4.Waardering van het bewijs

4.1.
Bewezenverklaring van de feiten 5, 6 en 9 zonder nadere motivering
Het onder 5, 6 en 9 ten laste gelegde is door de verdachte bekend. Deze feiten zullen zonder nadere bespreking bewezen worden verklaard.
4.2
Partiële vrijspraak feiten 1 en 3
Met de verdediging wordt geoordeeld dat de verdachte moet worden vrijgesproken van het onder 1 tenlastegelegde “Blijf hier wachten totdat ik voorbij de gele auto ben, anders steek ik jullie alsnog” en voor zover onder 3 is tenlastegelegd dat de verdachte het mes boven het hoofd van de aangever heeft gehouden.
4.3
Bewijsverweren feiten 2, 4, 7 en 8
Feit 2
De verdediging heeft vrijspraak bepleit van de afpersing van de aangever [naam slachtoffer 1] . Daartoe is betoogd dat de aangever pas een mes heeft gezien nadat de verdachte had gezegd dat hij zijn fiets moest geven en dat het tonen van dat mes dus niet als bedreiging met geweld kan worden gekwalificeerd.
Door de aangever is verklaard dat hij schrok van de opmerking, maar nog meer schrok van het mes en dat hij vanwege die bedreiging met dat mes en de wijze waarop de verdachte hem aansprak zijn fiets heeft afgegeven. Hieruit kan niet anders worden geconcludeerd dan dat de aanwezigheid van het mes in belangrijke mate heeft bijgedragen aan de dreigende situatie waardoor de aangever is gedwongen tot afgifte van de fiets. Omdat, gelet ook op de bekennende verklaring van de verdachte, niet getwijfeld wordt aan de juistheid van de aangifte, wordt het verweer verworpen.
Feit 4
Door de verdediging is vrijspraak bepleit van het onder het tweede, derde en vierde gedachtestreepje ten laste gelegde. De verdachte heeft ter terechtzitting ontkend te hebben gezegd “Ik steek je. Ik steek je”, stekende bewegingen te hebben gemaakt in de richting van aangeefster [naam aangeefster 7] en te hebben gestoken in het been van getuige [naam slachtoffer 6] . Hij werd, zo is verklaard, op een gegeven moment van achteren besprongen, waardoor hij ten val is gekomen en een worsteling is ontstaan. In deze hectische situatie moeten, aldus de verdediging, de aangeefster en de getuige onbewust gewond zijn geraakt.
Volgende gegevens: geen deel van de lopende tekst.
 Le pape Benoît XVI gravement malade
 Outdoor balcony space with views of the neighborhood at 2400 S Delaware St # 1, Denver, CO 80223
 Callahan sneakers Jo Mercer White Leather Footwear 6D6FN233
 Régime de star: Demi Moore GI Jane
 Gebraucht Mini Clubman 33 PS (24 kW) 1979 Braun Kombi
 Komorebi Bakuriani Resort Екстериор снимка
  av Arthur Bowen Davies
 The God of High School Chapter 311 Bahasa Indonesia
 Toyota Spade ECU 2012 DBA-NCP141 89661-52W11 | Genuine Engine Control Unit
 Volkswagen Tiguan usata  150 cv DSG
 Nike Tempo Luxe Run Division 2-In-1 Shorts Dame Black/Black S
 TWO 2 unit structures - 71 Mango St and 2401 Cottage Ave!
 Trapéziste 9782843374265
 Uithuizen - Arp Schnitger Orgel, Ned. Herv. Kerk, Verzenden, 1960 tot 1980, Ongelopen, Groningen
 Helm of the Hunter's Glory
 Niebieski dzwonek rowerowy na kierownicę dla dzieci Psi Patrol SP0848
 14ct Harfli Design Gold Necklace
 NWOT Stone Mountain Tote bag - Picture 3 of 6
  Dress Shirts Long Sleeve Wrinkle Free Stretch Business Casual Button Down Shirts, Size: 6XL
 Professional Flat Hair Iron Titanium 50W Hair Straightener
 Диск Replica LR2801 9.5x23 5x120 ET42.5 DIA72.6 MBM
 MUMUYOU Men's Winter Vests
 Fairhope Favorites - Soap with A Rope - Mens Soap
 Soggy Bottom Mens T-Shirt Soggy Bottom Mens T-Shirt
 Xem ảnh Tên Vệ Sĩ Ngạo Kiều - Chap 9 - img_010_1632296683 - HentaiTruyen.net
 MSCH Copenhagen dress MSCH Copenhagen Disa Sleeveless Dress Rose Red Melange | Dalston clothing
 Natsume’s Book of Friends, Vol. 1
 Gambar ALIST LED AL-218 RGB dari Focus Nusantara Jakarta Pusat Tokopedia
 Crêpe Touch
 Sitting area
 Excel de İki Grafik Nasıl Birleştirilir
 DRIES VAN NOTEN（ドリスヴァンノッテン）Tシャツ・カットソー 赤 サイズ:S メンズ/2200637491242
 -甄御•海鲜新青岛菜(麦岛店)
Niet in geschil is dat de verdachte een mes bij zich had, dat hij de tas van de aangeefster heeft weggepakt, dat zij heeft geprobeerd de tas terug te krijgen, dat vervolgens door beiden aan de tas is getrokken en dat een worsteling is ontstaan. Daardoor zijn beiden op de grond gevallen en is de getuige erbij betrokken geraakt. In zoverre komen de verklaringen overeen. Dit geldt echter niet voor het tegen de aangeefster zeggen: “Ik steek je. Ik steek je”, het maken van stekende bewegingen in haar richting en het steken in het been van getuige [naam slachtoffer 6] . Nog daargelaten dat geen aanleiding wordt gezien om de verklaringen van de aangeefster, getuige [naam getuige 8] en getuige [getuige 6] op deze punten niet te volgen, wordt overwogen dat door het op de beschreven wijze wegnemen van een tas in combinatie met het bezit van een mes de verdachte zich in een situatie heeft begeven die het (dreigen met) gebruik van dat mes zonder meer aannemelijk maakt. Een en ander brengt mee dat de rechtbank voldoende wettig en overtuigend bewijs aanwezig acht dat de verdachte opzet, tenminste in voorwaardelijke zin, heeft gehad, op het hem verweten gedrag met betrekking tot het mes. Het andersluidende verweer wordt dan ook verworpen.
Feit 7
Volgens de verdediging kunnen de tenlastegelegde feitelijkheden niet gekwalificeerd worden als geweld of bedreiging met geweld, zodat vrijspraak moet volgen.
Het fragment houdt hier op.